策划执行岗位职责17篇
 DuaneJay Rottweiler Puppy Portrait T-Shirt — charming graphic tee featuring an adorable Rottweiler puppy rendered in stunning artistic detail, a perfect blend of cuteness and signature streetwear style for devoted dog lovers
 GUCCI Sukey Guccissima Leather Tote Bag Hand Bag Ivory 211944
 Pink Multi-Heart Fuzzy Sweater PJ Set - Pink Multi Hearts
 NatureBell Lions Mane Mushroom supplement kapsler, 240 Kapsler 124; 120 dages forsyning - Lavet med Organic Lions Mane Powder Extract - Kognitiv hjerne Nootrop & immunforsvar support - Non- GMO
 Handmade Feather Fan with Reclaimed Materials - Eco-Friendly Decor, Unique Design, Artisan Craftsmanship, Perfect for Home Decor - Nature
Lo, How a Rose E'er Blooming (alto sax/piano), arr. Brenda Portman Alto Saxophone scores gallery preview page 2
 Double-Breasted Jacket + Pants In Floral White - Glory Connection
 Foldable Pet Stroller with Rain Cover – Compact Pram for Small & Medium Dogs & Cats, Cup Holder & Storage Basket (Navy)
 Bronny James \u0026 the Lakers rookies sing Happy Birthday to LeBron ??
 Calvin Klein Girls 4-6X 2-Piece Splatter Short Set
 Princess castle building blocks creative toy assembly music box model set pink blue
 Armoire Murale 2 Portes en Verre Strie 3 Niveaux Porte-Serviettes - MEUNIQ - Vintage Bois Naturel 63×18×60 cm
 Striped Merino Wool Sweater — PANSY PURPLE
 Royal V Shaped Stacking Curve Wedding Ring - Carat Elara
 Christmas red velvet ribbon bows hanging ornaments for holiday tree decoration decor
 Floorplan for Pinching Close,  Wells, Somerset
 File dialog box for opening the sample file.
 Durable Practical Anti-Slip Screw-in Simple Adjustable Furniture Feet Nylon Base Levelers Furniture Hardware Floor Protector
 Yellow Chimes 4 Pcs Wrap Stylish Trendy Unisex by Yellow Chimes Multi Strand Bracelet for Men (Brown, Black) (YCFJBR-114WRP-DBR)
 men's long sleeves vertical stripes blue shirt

::::::::::

What you are asked to do — Check each line of the listing for "blue". Show those that have it.

Task result —
 Princess castle building blocks creative toy assembly music box model set pink blue
 men's long sleeves vertical stripes blue shirt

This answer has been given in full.